After the twins rescue their dad from drowning during a terrifying near-drowning experience in the family pool, the father emphasizes the importance of water safety this summer and urges families to take CPR lessons to be prepared in case of emergencies.
After he nearly drowned in the family pool, a father in Alabama is sharing his terrifying near-death experience to encourage families everywhere to learn CPR.
Brad Hassig told ABCNews that the incident began when he was performing breathing exercises for underwater meditation, something he has done numerous times. But, he lost consciousness as a result of an error.
“We were just swimming. The lads enjoyed themselves. I enjoy performing relaxing breathing techniques in the water, which involves simply sitting underwater,” Hassig revealed in an interview with ABC affiliate WBMA in Birmingham. “I recited the Lord’s Prayer. And I simply cannot recall finishing it.”
Underwater meditation is exactly what it sounds like: guided meditation practiced underwater. It is typically conducted with a snorkel to allow breathing or by holding your breath and listening to your body and the surrounding water. It is gaining in popularity among scuba divers and yoga enthusiasts who wish to deepen their meditation experiences. Unsurprisingly, this style of meditation requires the practitioner to hold their breath as long as possible.
According to the CDC, one way to prevent drowning is to avoid holding your breath for long periods of time. If a swimmer holds their breath for too long, they may have a “hypoxic blackout” or “shallow water blackout,” which causes them to pass out and drown.
Unfortunately for Hassig, it looks that holding his breath beneath water caused him to pass out.
Luckily, Hassig’s twin 10-year-old boys Bridon and Christian, as well as a child from the neighborhood, were in the pool with him and witnessed the incident. The lads immediately performed CPR and struggled to drag their 185-pound father to the side of the pool.
“They weigh perhaps 80 to 80-plus pounds, but I weigh 185 pounds. Thus, they should not have been physically capable of doing what they did,” Hassig informed WBMA. Everything transpired as flawlessly as it probably needed to.
The lads disclosed to WBMA that they lacked CPR training but could recall moments from the famous 1990s films Hook and The Sandlot. Although they could not unlock their father’s iPhone, they knew to perform chest compressions and mouth-to-mouth while their neighbor raced for aid.
Hassig’s tale is a good reminder that CPR is a crucial life skill that even children can learn, especially during the summer when families are enjoying swimming and water sports in pools and natural bodies of water.

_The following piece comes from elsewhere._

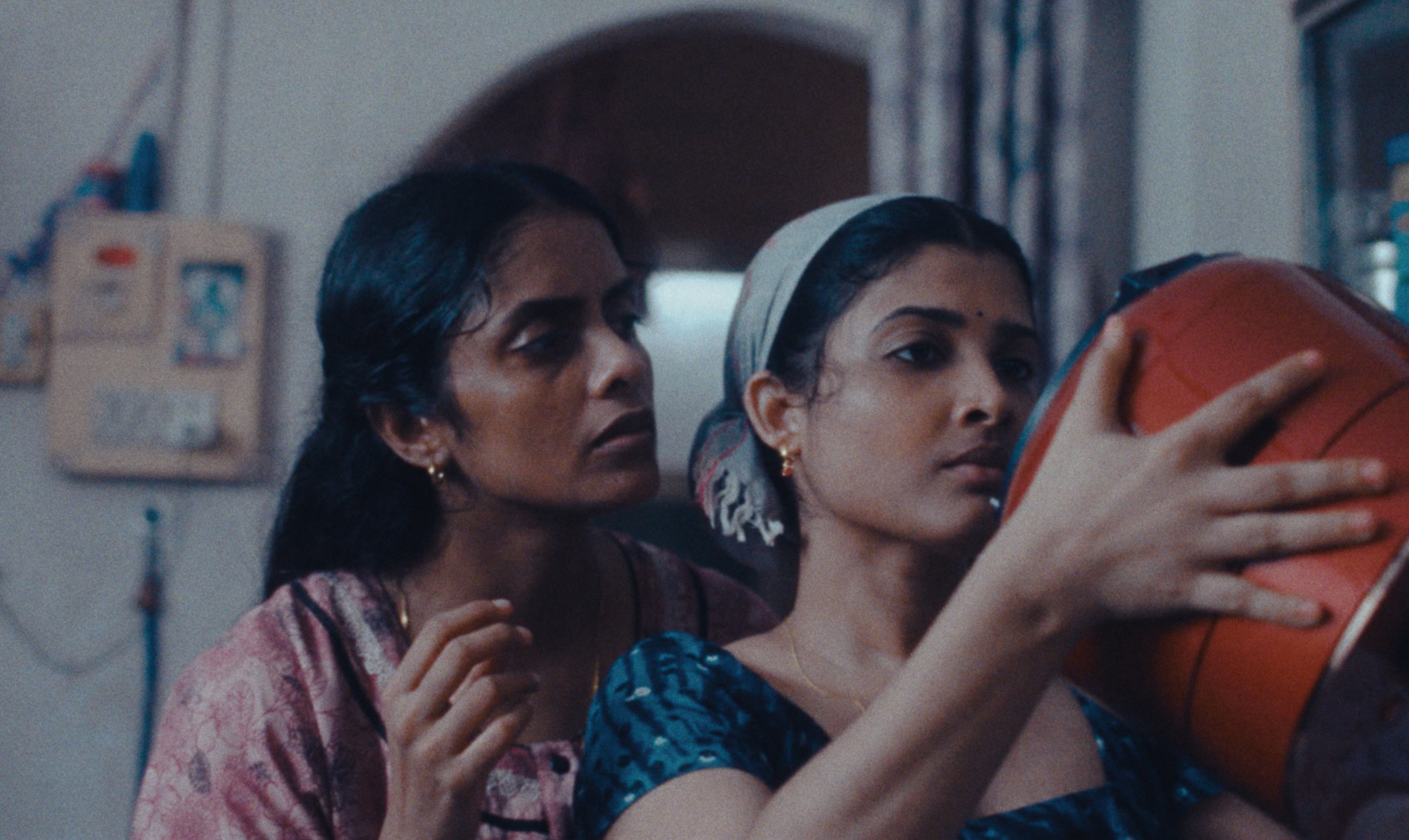 Kani Kusruti and Divya Prabha in 'All We Imagine as Light'. (Unifrance)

Drowning kills 4,000 people annually and is the leading cause of injury-related death for children under the age of four. Families can prevent drownings by taking a few preventative measures, such as taking swimming lessons, wearing life jackets, and learning CPR.
The Hassig family wants everyone to be cautious around water and to learn CPR, according to ABCNews. They are currently preparing a neighborhood event to help other families obtain CPR training to prevent such incidents from occurring.

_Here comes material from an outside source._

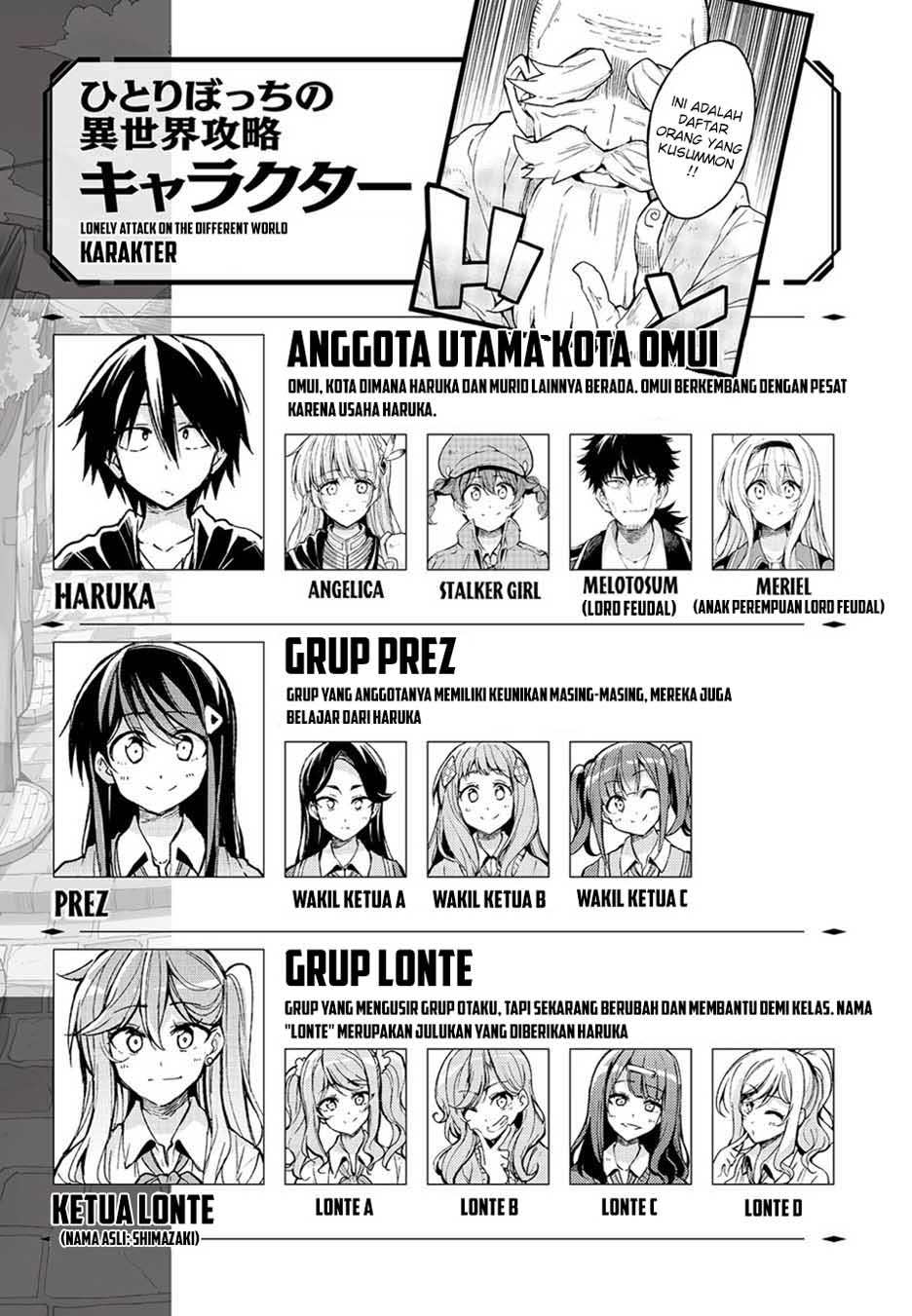 Hitoribocchi no Isekai Kouryaku Chapter 120 Gambar 3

If you are interested in learning CPR, numerous organizations across the country may assist you. If your city does not currently offer CPR lessons, you can locate great infant and toddler CPR classes online.
According to the CDC, formal training is not required to conduct CPR on an individual. They recommend that anyone needing CPR in an emergency dial 9-1-1 first. Then, attempt CPR by pressing down swiftly and firmly on the center of the chest 100 to 120 times per minute. Consider the beat of the song “Staying Alive” for a simple approach to accomplish this. The CDC also recommends doing CPR until medical assistance arrives.
Studying CPR as a family is an excellent method to ensure everyone feels empowered to assist in an emergency. It is also a fantastic reminder that no one is ever completely secure from drowning, regardless of how experienced they are at swimming or how comfortable they feel around water.